Prezent od Mikołaja
kierowcom
Ale żeś Pan się ubrał...
Czerwone futro, biała broda?
Narodowościowiec, co?
Czy to niby taka moda?
Coś Pan mi się nie podobasz
Dobra, chuchnij Pan
Bardzo Pan wesoły
I dziwny jest ten Van.
Ubezpieczenie Pan posiadasz?
Tak? I przegląd też?
Takie kity to nie mnie
Wysiądź Pan i portfel bierz.
Taa... rozumiem
Pan z Laponii
Dzieci czekają
I czas Pana goni.
Nie, ja słucham, wszystko jasne
Zaraz... A ten wór?
To prezenty, to nie fanty?
Nie chcę słuchać już tych bzdur!
Jak to wszystko
Świąteczne sprawunki
To chciałbym zobaczyć
Na nie rachunki.
Przekroczył Pan prędkość
Karne punkty Pan zbiera?
Nie? To zależy...
Od Pańskiego portfela...
Tyle? Niech będzie
Znaj Pan moje serce
I nie łam Pan przepisów
Lepiej nigdy więcej.
I jedź Pan już, drogę blokujesz
A pusta ma być, bo jechać będzie tędy
Z prezentem dla mnie
Mikołaj Święty...
wszystkim, którzy tego dnia NIE pokutują...
Komentarze (10)
Świetny.

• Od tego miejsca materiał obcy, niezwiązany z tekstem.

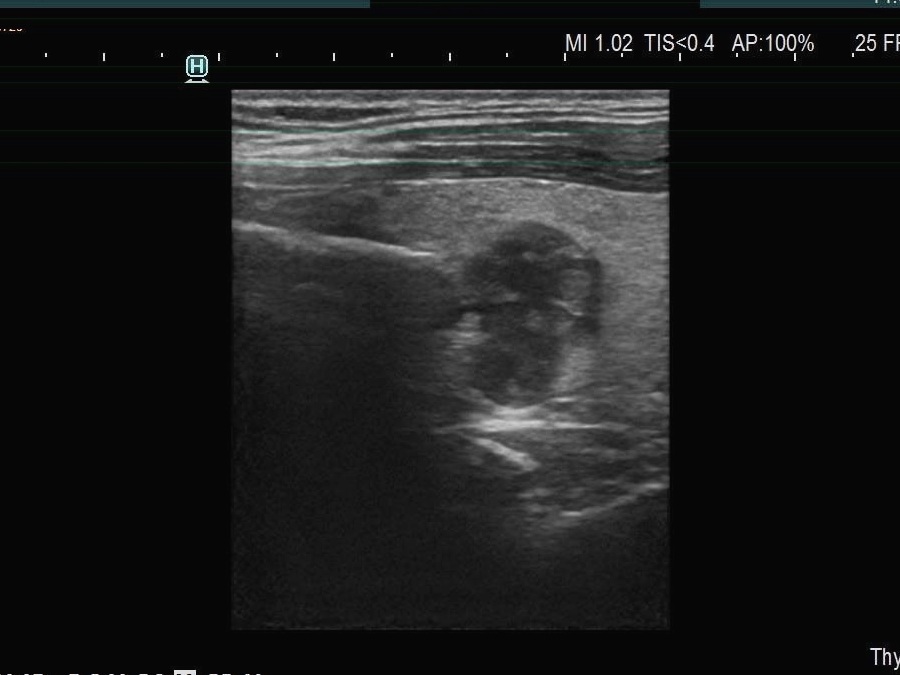 Right lobe, longitudinal scan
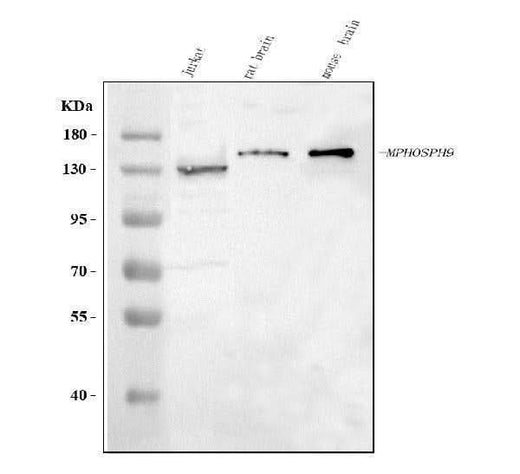 Anti-MPHOSPH9 Antibody Picoband® Boster Bio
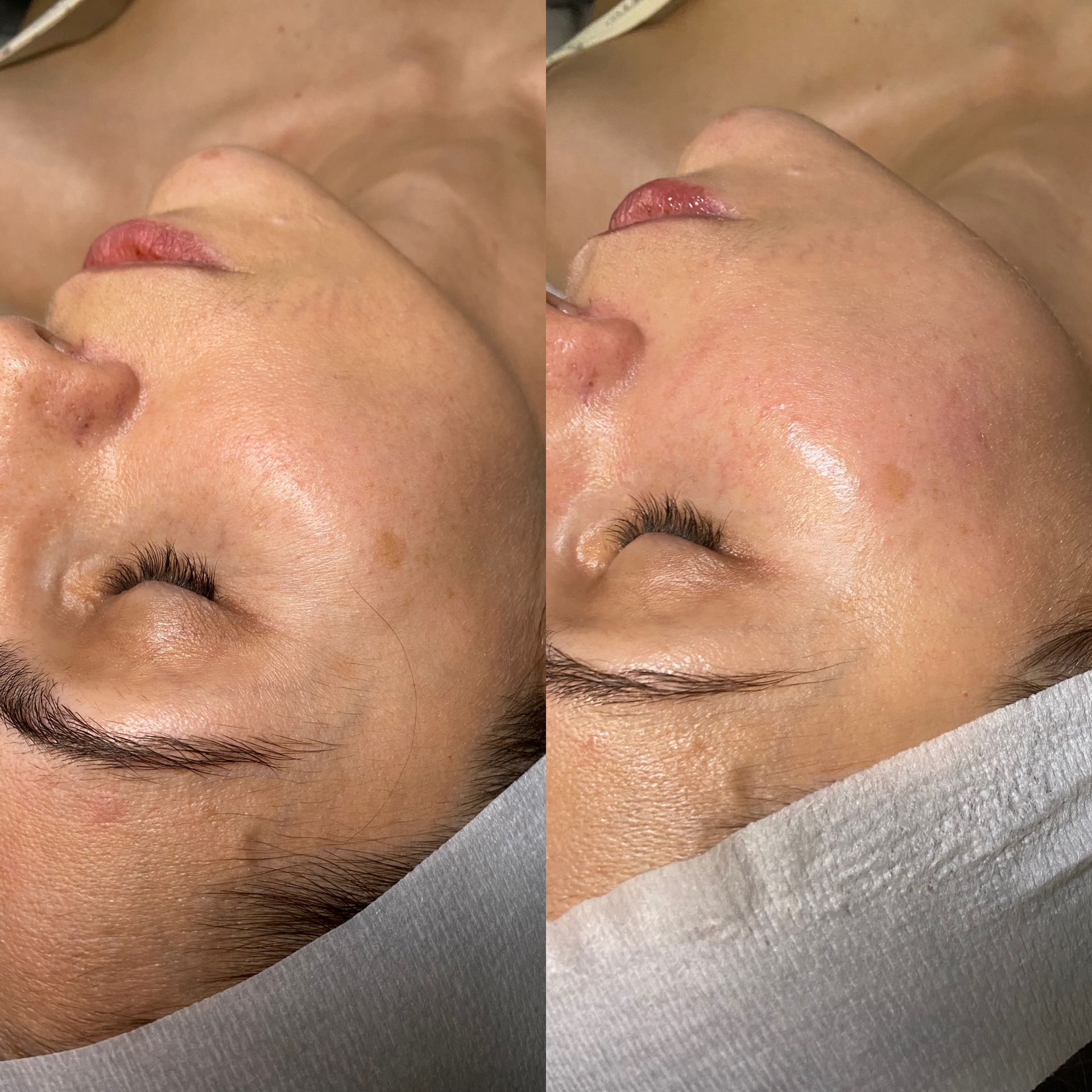 a woman with before and after a treatment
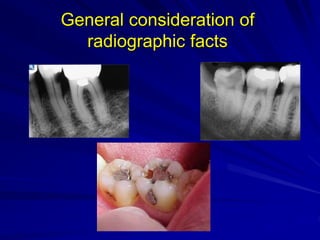 General consideration of
radiographic facts
 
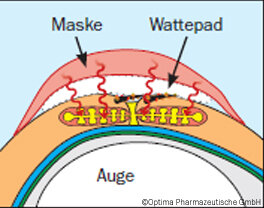 Lipo Nit The Eye Doctor Augen-Wrme-Maske (optima)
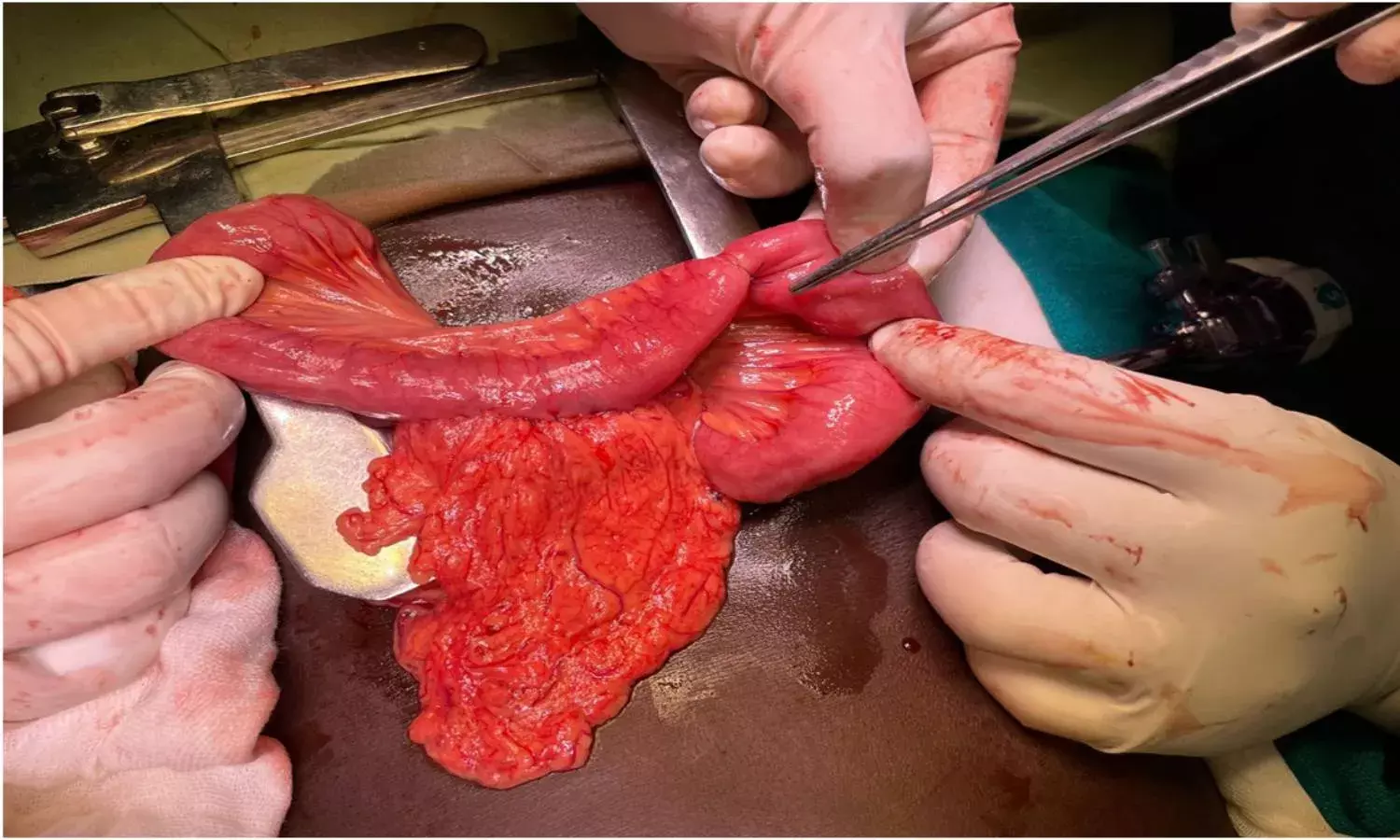 4 children with rare genetic liver disorder treated in Hyderabad hospital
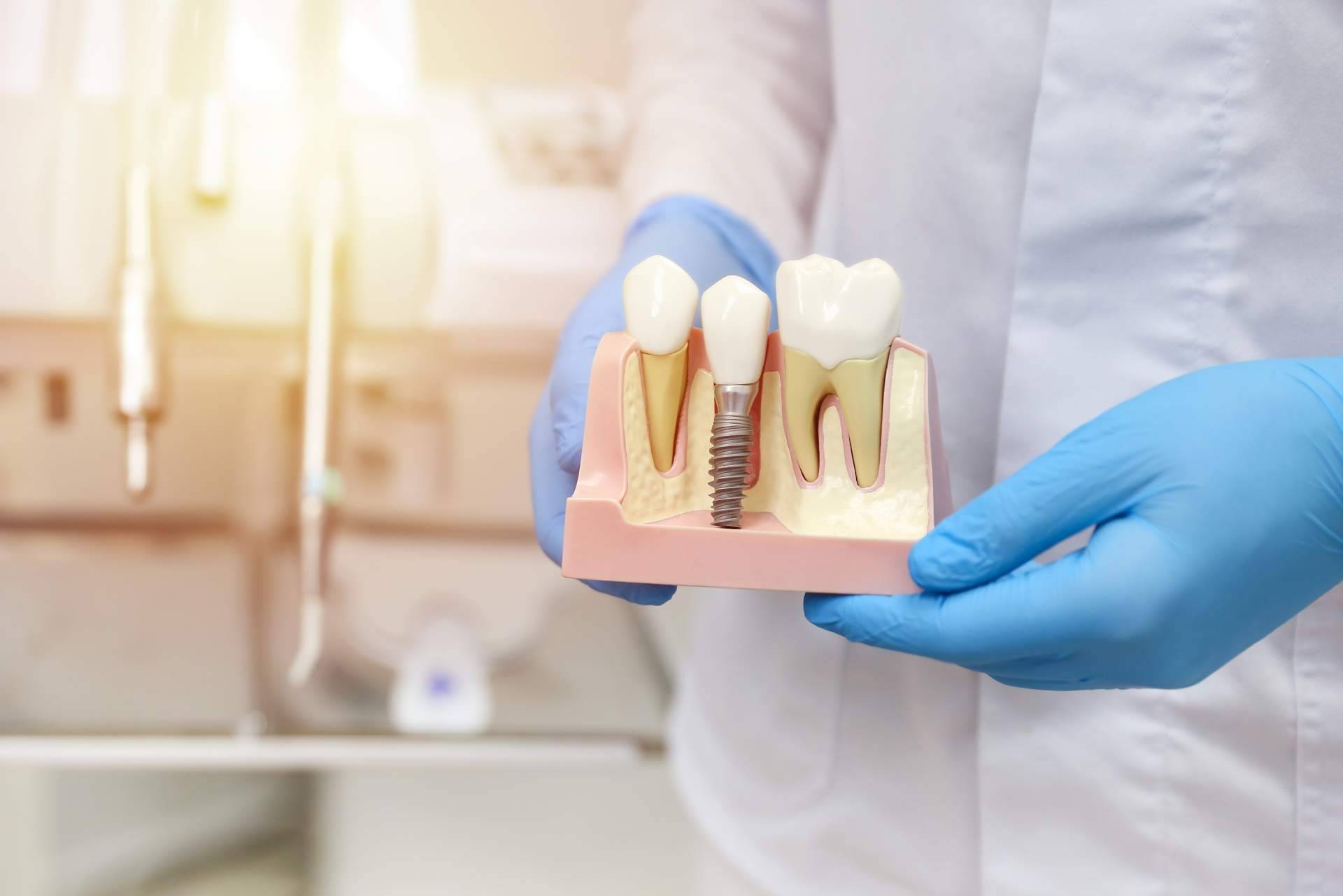 La técnica por la que apuesta Clínica Dental Sonrisas para conseguir una dentadura de 10 en sus pacientes, implantes postextracción con carga inmediata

Pozdrawiam
:-)))))) fajny pomysł, wiersz wywołał uśmiech na
twarzy :-)
Zgrabnie. z pozdrowieniami ;-)
:)))))) Rozbawił i tak miało być - cel osiagniety :)
Pozdrawiam :)
Nawet trafisz na oryginał,
ale Polak niedowiarek
i zniechęcił Mikołaja
więc dostała mu się pała
Pozdrawiam serdecznie
Wesoły na Dzień dobry:-) :-) . Ładnie. Pozdrawiam
super napisany, z fantazją i polotem-takie wierze
trzeba umieć czytać!
nie podoba mi się.
Jestem wręcz zaskoczony oryginalną treścią tego
mikołajkowego wierszyka, podaną w nienagannej formie.
Świetny humor i dobre, życiowe obserwacje...Pozdrawiam
serdecznie
Widzę że ten prezent zasiał zwinną świąt magię.